Wednesday, April 28, 2010

Night Life

At the flick of a switch, the backyard was bathed in light and sure enough, there it was. You had to know where to look, as its hunched-up shape and scruffy gray and white blotched fur blended into the surrounding ground cover. Munching away on leftovers under the bird feeder, it seemed oblivious to the light - didn’t even look up until I tapped on the window, then its weird little white face appeared. With round, black ears at attention, pointed snout a-twitch, it stared briefly with beady black eyes before returning to its meal. Another movement caught my eye - it had brought a friend along this night.

Opossums are usually solitary creatures, but females tend to live in groups. Among the most primitive of living mammals, they have the unique distinction of being America’s only native marsupial, carrying their young in a pouch similar to a kangaroo or koala. They have 1 - 2 litters a year of up to 13 young, with 7 to 9 the average. Scavengers, they eat mostly insects and carrion, but also fruits, vegetables, nuts, grains and bird eggs. They need to feast while they can - they only live for around 18 months.

Earlier, My husband had heard a muffled thud at the window. He looked up just in time to glimpse a bat at the screen. It landed - briefly and unceremoniously - then disappeared into the night. We thought this strange as bats usually avoid light, but various bugs are attracted to light and bats eat bugs. As temperatures rise in the spring, more bugs are active and available. Most insectivorous bats don’t catch insects directly with their mouths but scoop them up with wing or tail membranes first, consuming 30 to 50 percent of their body weight each night - that’s a lotta bugs! Perhaps bat and bug met at the screen.

A late night switch flick revealed that the opossums had been replaced by a lone raccoon. Also solitary, nocturnal creatures, raccoons will eat what opossums do, but tend to be more aggressive.

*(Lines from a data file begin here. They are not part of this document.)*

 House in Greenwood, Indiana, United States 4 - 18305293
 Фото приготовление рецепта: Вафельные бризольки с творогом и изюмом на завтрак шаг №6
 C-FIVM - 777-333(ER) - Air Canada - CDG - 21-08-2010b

The best meal for them is found in the wild, but they’re highly adaptable and cleaver. If human garbage or pet food is left unprotected, they readily devour it. They take what they can get and are very good at getting it.

We’d both been awakened in the wee hours the previous night by an eerie, strange wailing sound coming from the road out front. All was silent for a while, then the wail again, from further away. Silence - then a spine-tingling version, louder than before. We did not get up to look, so never did see the wailer, but we’ve heard it before. No regular dog sounds like that, so it must have been a lone “song dog” - a coyote.

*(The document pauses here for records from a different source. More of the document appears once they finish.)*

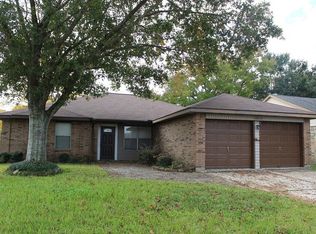 10936 Mesquite Dr, La Porte, TX 77571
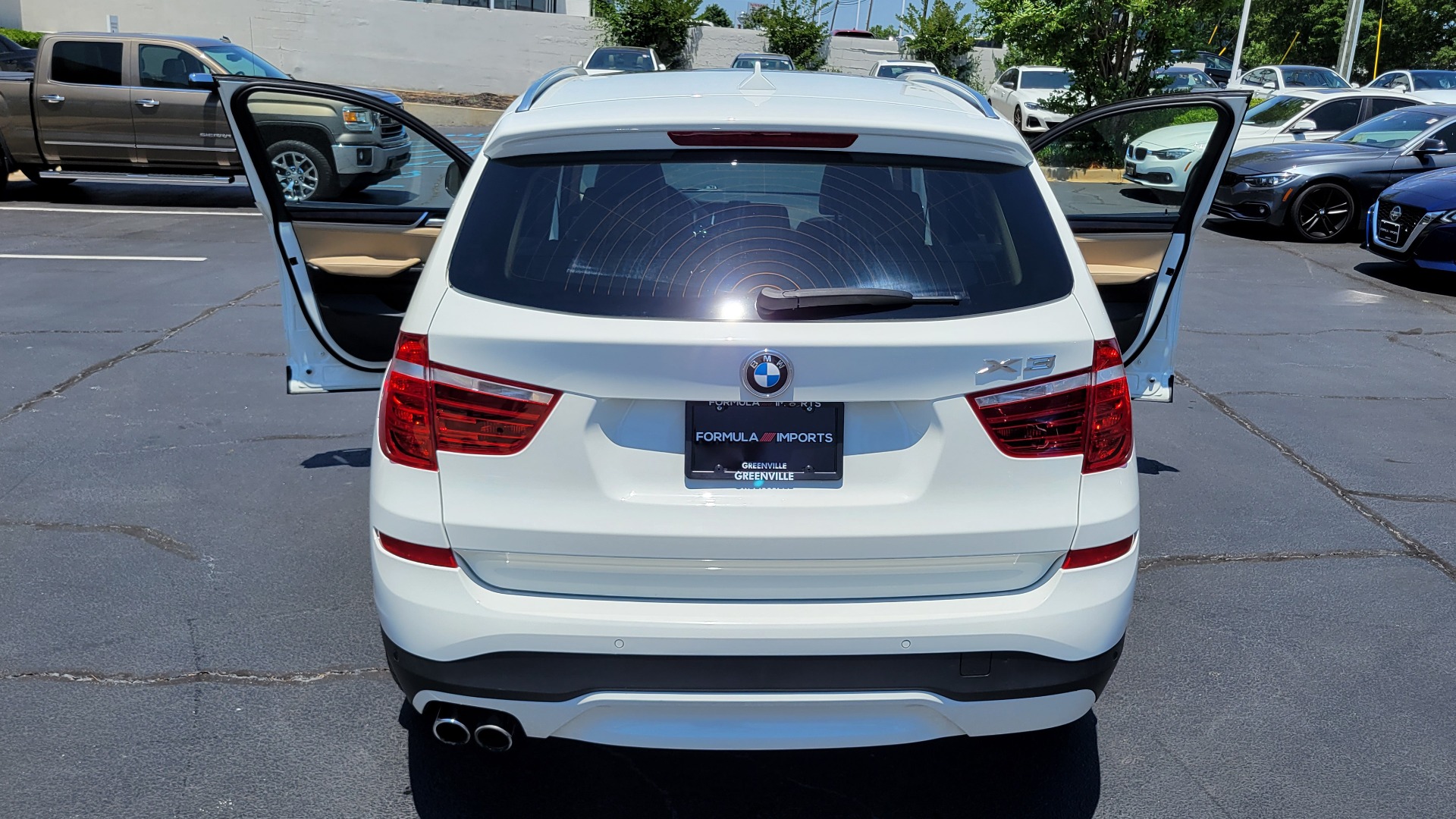 Used 2017 BMW X3 XDRIVE28I PREMIUM / NAV / PANO-ROOF / DRVR ASST / CLD WTHR for sale $30,495 at Formula Imports in Charlotte NC 28227 20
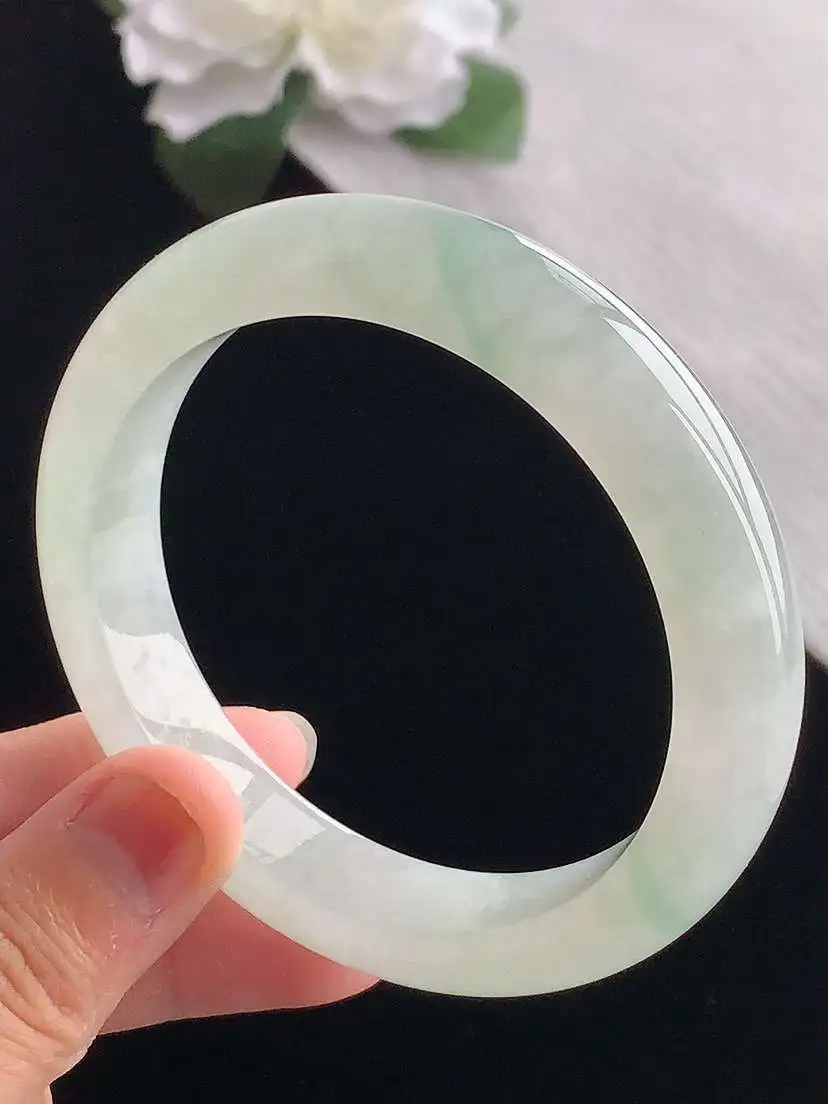 a货翡翠老坑冰种晴水正装正圈手镯57-58圈口  尺寸57.8×12×8.8mm 重量64.06g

Coyote families break up in late summer to early fall with the young hunting alone until late winter or early spring. Then, with distinctive yapping, howling, and barking, they try to establish their own territories and attract their lifetime mate. As far as we could tell, the cries that night went unanswered, but the season is young and we’ll see what the summer brings.

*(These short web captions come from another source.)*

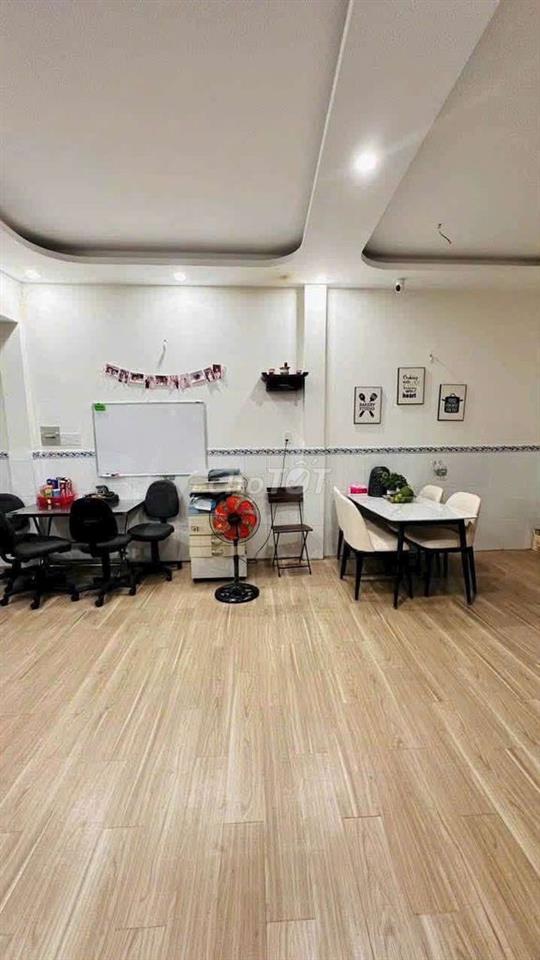 5*11M CÓ NỘI THẤT - NGUYỄN XUÂN KHOÁT 2PN-2WC GẦN CHỢ TÂN HƯƠNG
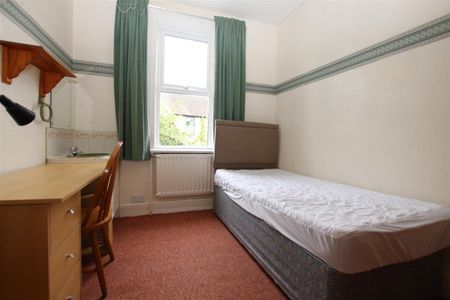 Third Avenue, Bath - Photo 3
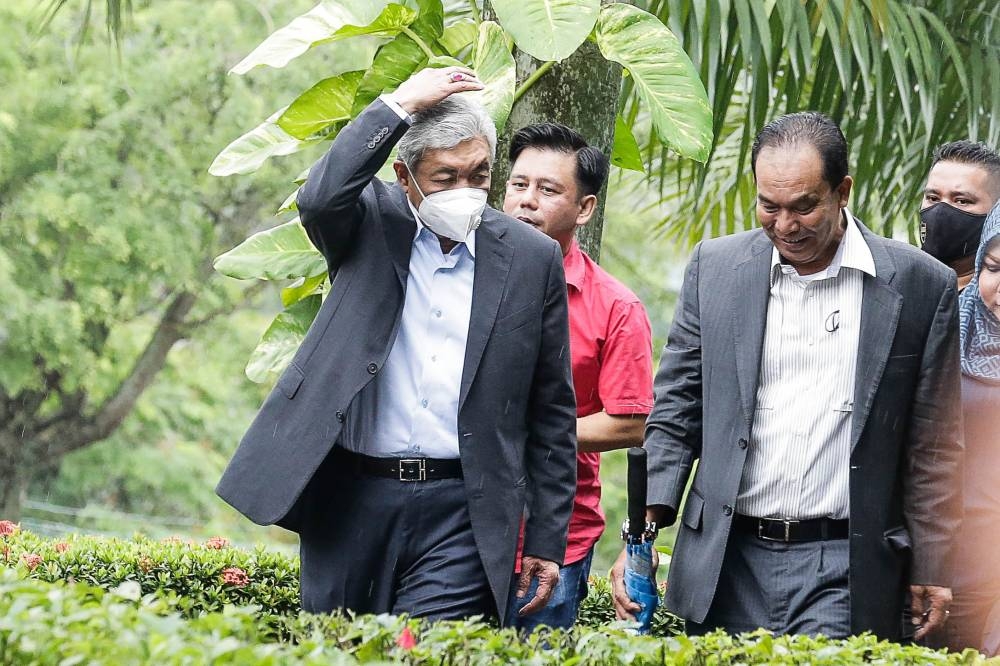 Former deputy prime Minister Datuk Seri Ahmad Zahid Hamidi arrives at the Shah Alam High Court September 7, 2022. — Picture by Sayuti Zainudin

Highly intelligent and adaptable, coyotes vary their diet with the seasons or with what they can find. In the spring and summer, they feast on fruits and berries; carrion sees them through the winter. They aren’t picky and will munch on the same foods as opossums and raccoons. The paths of these creatures are bound to cross in the night, with small raccoons and opossums being fair game - bats get off scot-free.
The moon marks off the seasons,
and the sun knows when to go down.
You bring darkness, it becomes night,
and all the beasts of the forest prowl.

These all look to you
to give them their food at the proper time.
When you give it to them,
they gather it up;
when you open your hand,
they are satisfied with good things.